[Scraped caption text data]
* * * *
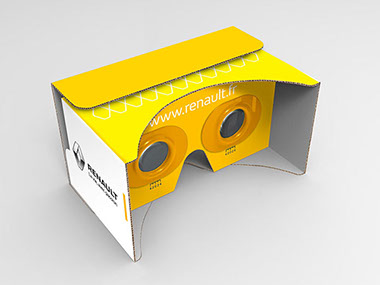 Smart Goggles - branded google cardboard, custom google cardboard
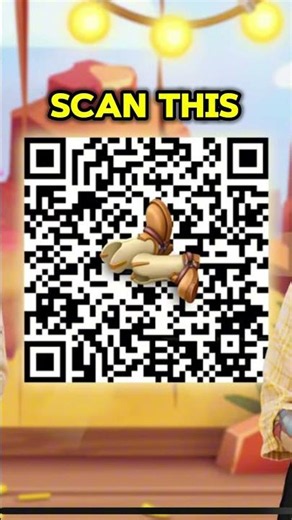 Scan this QR code 👀 #HayDay #Shorts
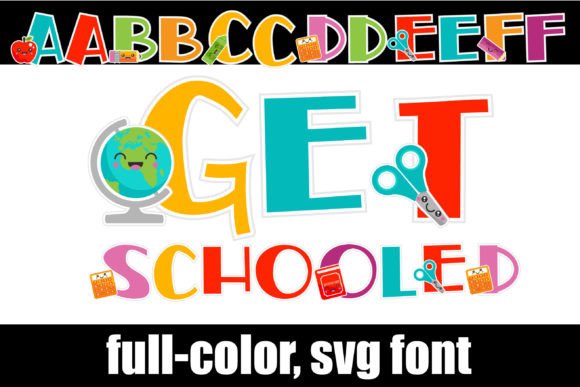 Get Schooled: A Fresh Take on Playful Typography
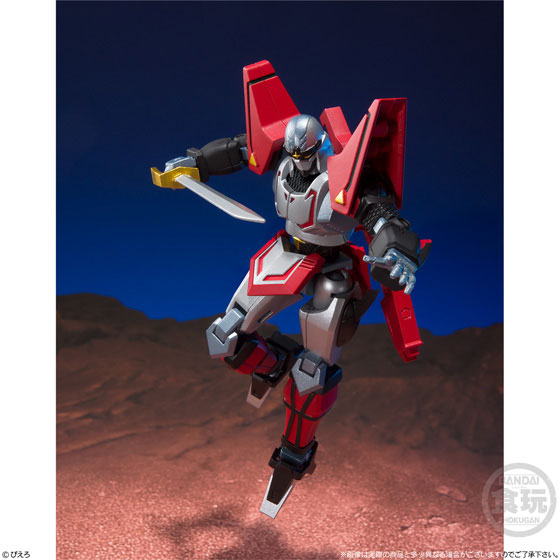 Super Mini-Pla Ninja Senshi Tobikage Vol.1 3Pack BOX (CANDY TOY) Bandai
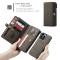 CASEME CASEME iPhone 13 Pro Fodral/Skal Magnet 2in1 Multifunktionell Brun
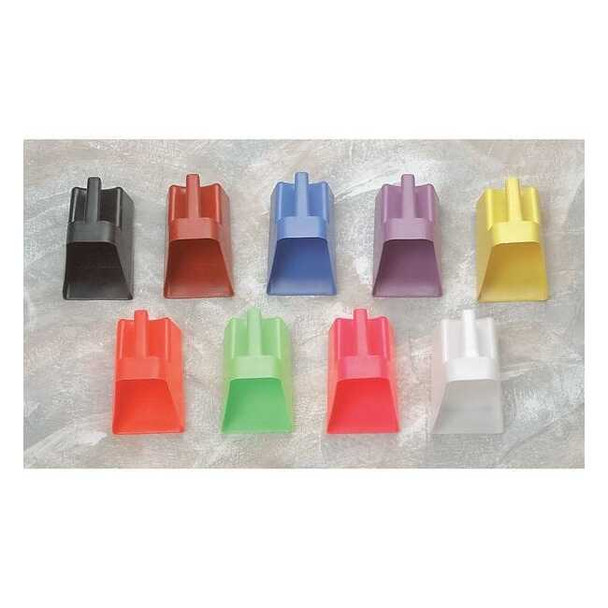 Tolco Scoop, Poly, All Purpose Black, 3 Qt 240123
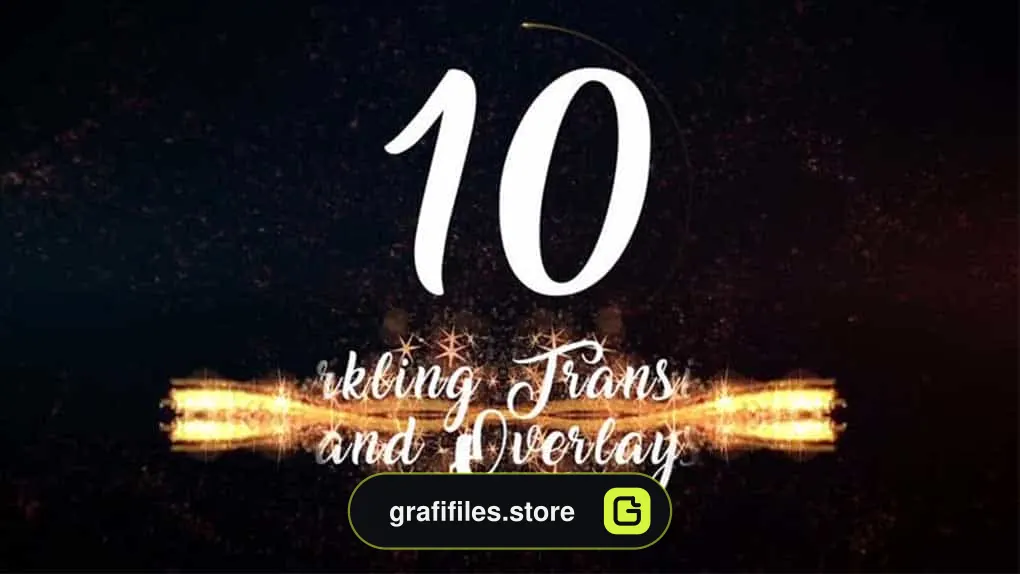 ترانزیشن Sparkling Transitions and Overlays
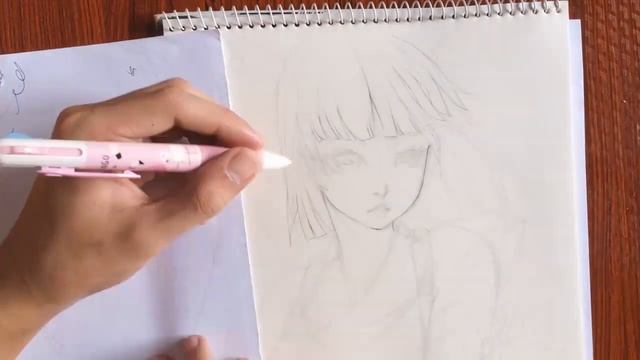 DRAWING MIYA AS SUZUHIME (skin) MOBILE LEGENDS Timelapse Speed Fanart смотреть онлайн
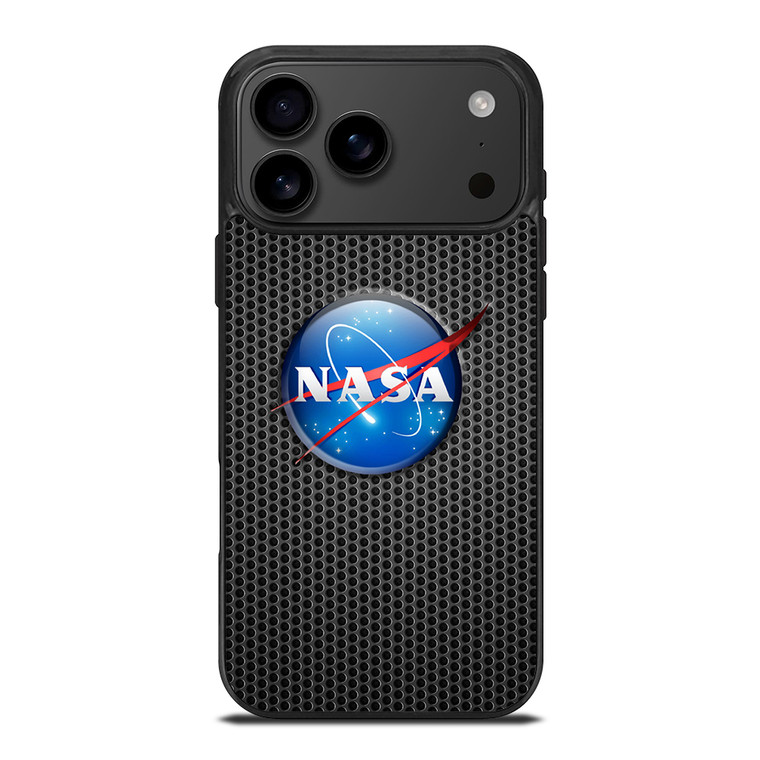 NASA METAL LOGO iPhone 17 Pro Max Case Cover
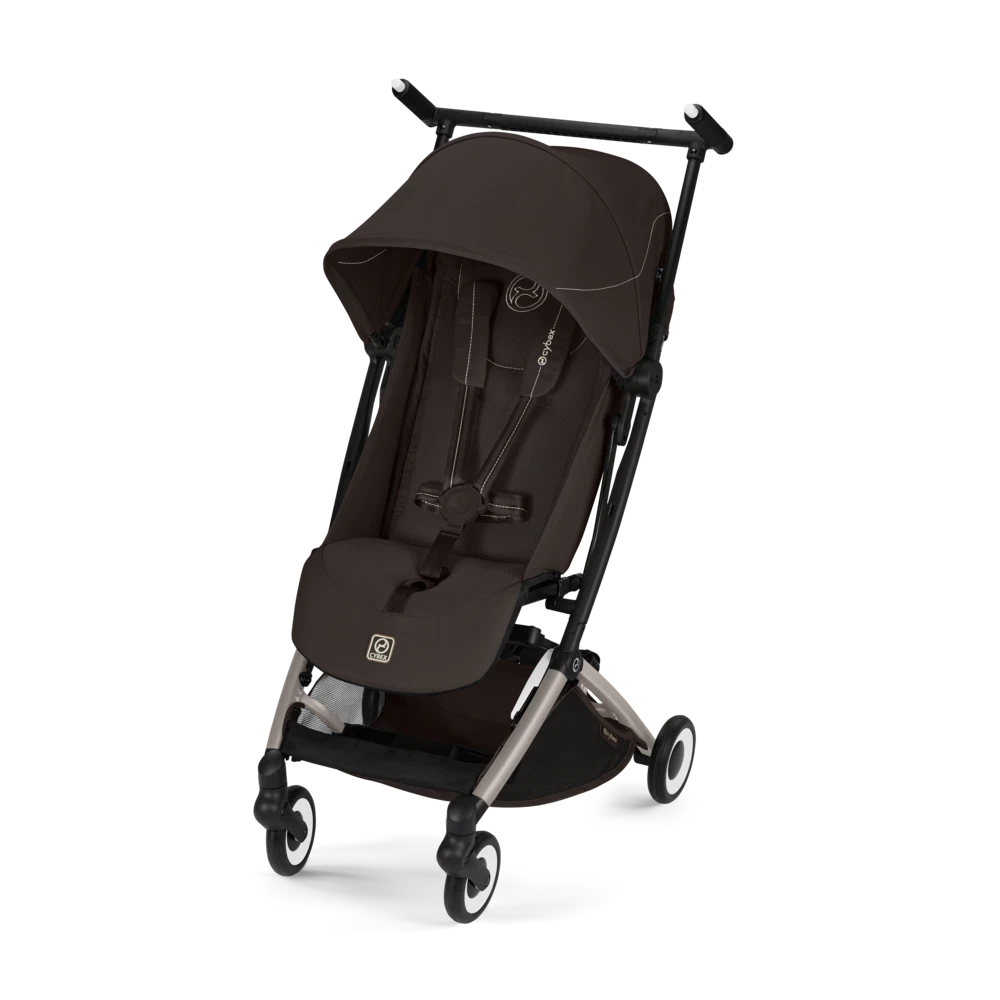 Cybex Libelle TPE Βρεφικό Καρότσι Ταξιδιού 5.9 kg Chocolate Brown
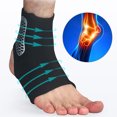 thumbnail image 3 of Coofit Ankle Brace Breathable Protective Ankle Support Ankle Wrap for Outdoor Sports, 3 of 10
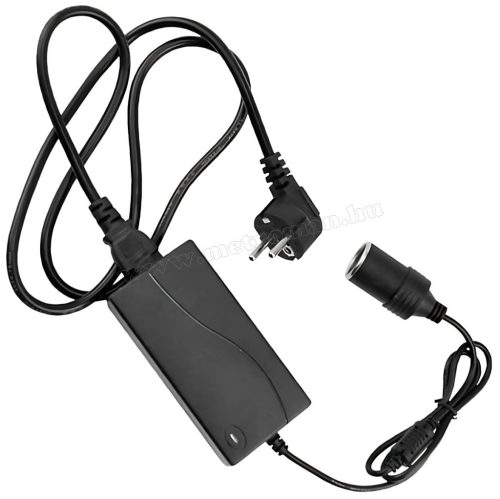 Adapter Hálózati tápegység szivargyújtó aljzattal 230/12V 5 Amper MPT12-A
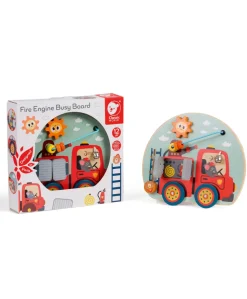 Classic World Fire Engine Busy Board Toy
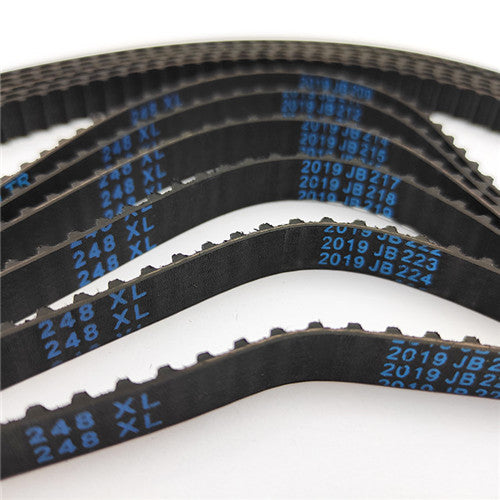 248 XL/250 XL/252 XL/254 XL Rubber Timing Belt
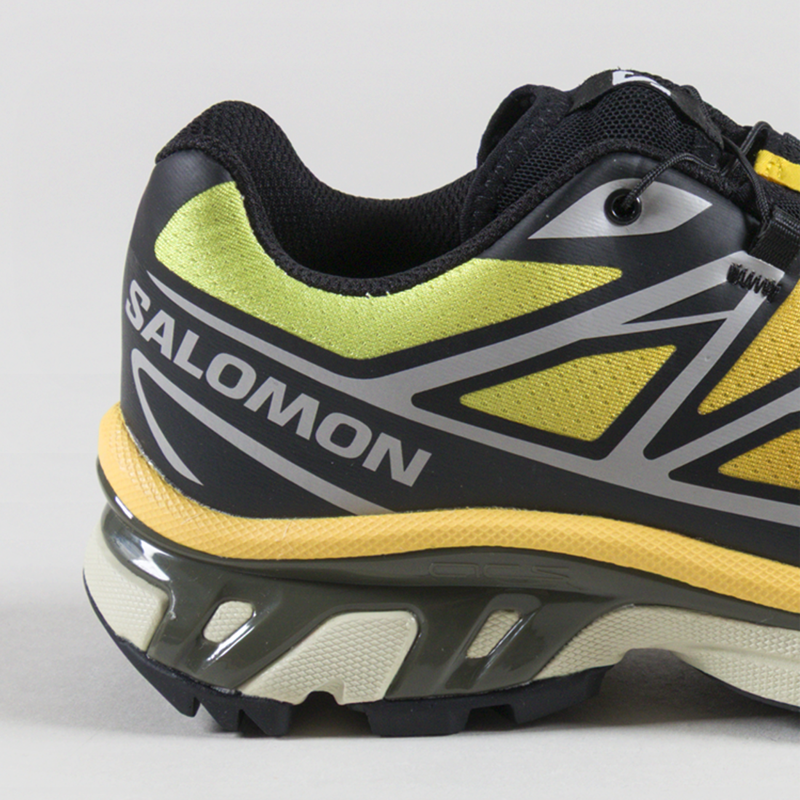 Salomon XT-6 Shoes Black Grape Leaf Beach Ball-4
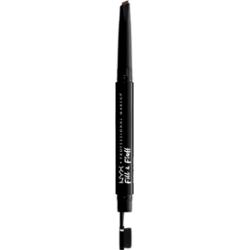 NYX PROFESSIONAL MAKEUP Fill & Fluff Eyebrow Pomade Pencil Chocolate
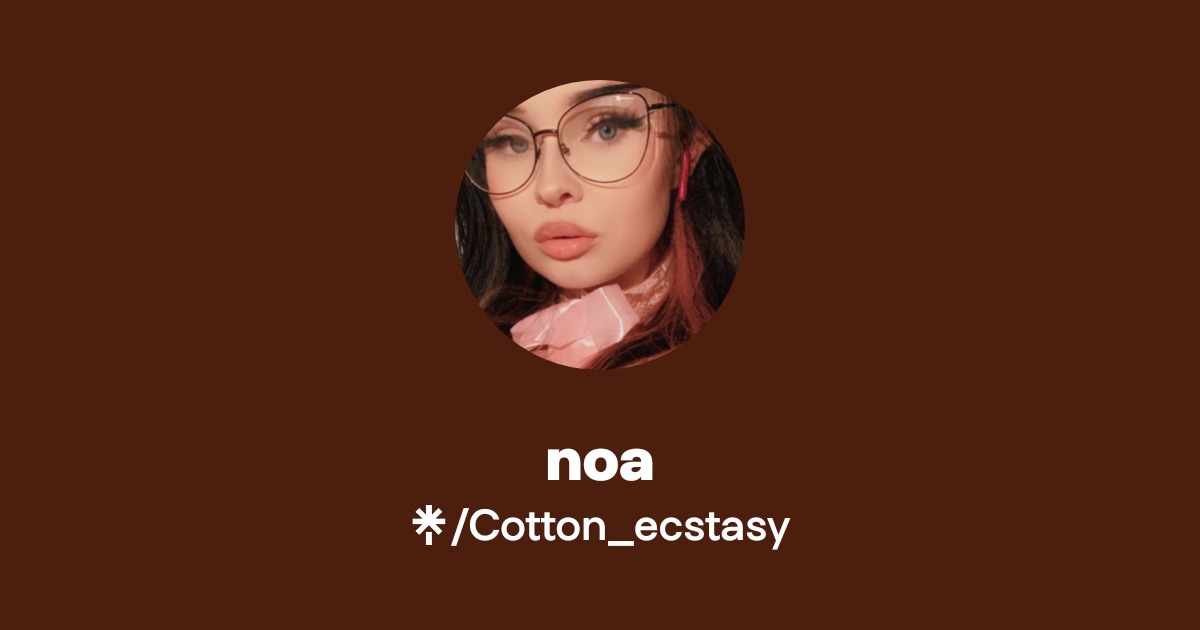 noa - Find noa Onlyfans - Linktree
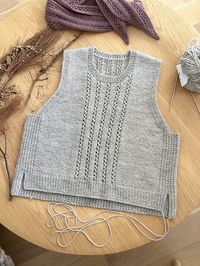 Ravelry: Riptide Slipover pattern by Jennifer Shiels Toland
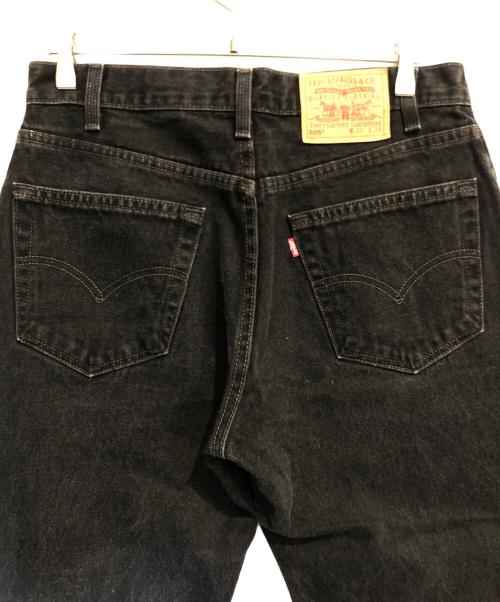 LEVI'S（リーバイス）LEVI'S (リーバイス) 90’s後染めブラックデニムパンツ ブラック サイズ:33/34の古着・服飾アイテム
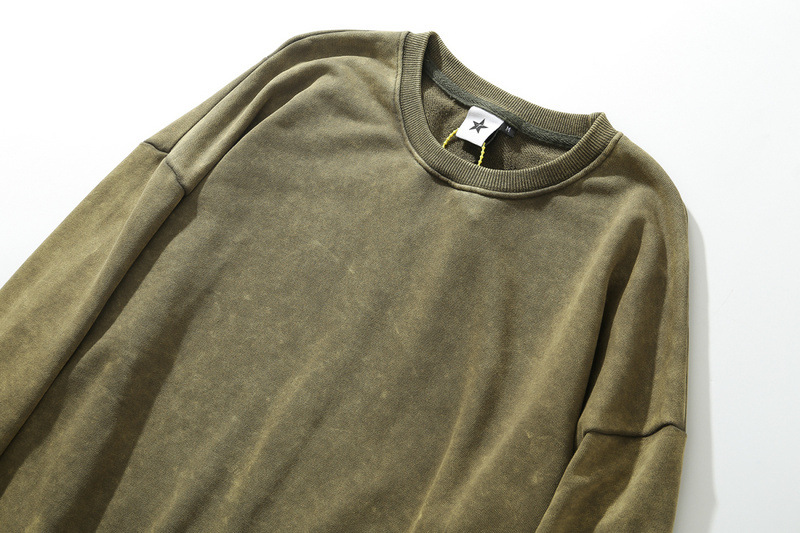 European and American high street men's sweater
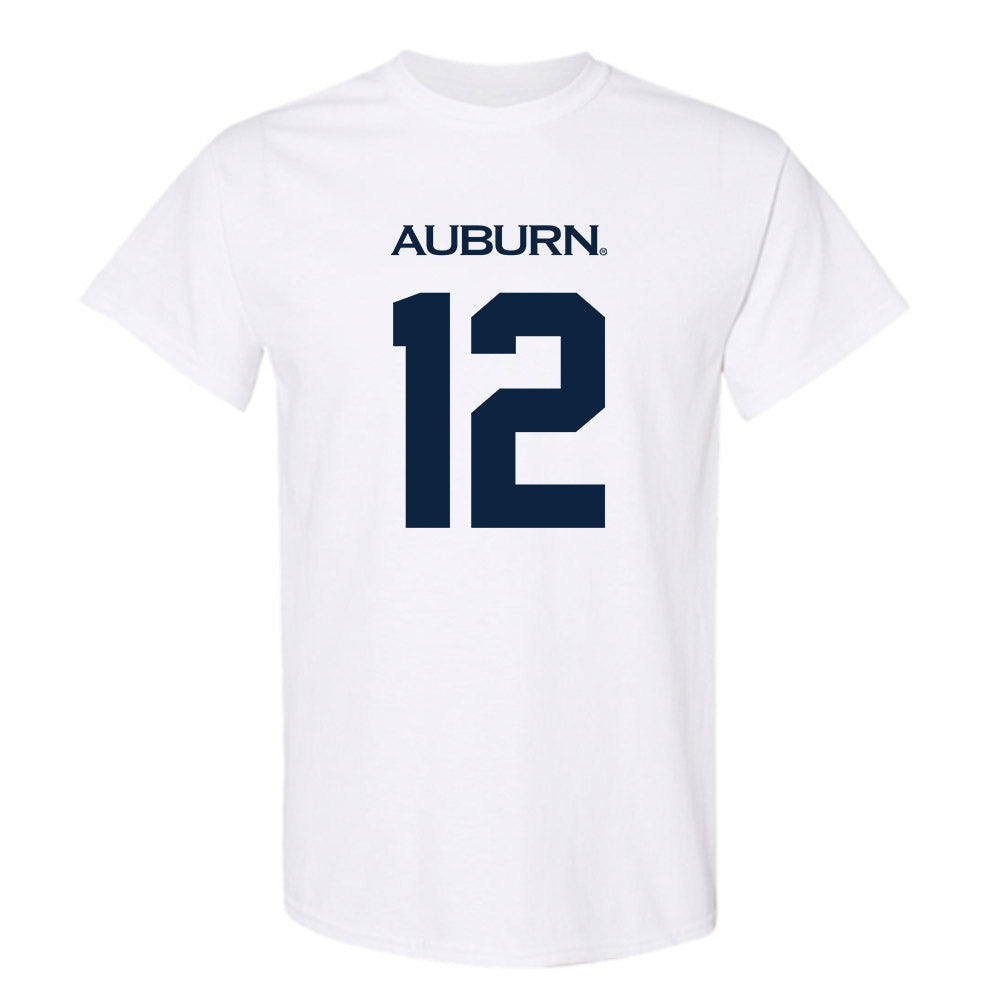 Auburn - NCAA Women's Volleyball : Emma Gutke - Replica Shersey T-Shirt-0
* * * *
Aim of the task:
When copying from the data above, begin at the line containing "thumbnail image 3" and end at the line containing "Salomon XT-6 Shoes"; return those lines exactly and leave all pictures behind.

Exercise output:
 thumbnail image 3 of Coofit Ankle Brace Breathable Protective Ankle Support Ankle Wrap for Outdoor Sports, 3 of 10
 Adapter Hálózati tápegység szivargyújtó aljzattal 230/12V 5 Amper MPT12-A
 Classic World Fire Engine Busy Board Toy
 248 XL/250 XL/252 XL/254 XL Rubber Timing Belt
 Salomon XT-6 Shoes Black Grape Leaf Beach Ball-4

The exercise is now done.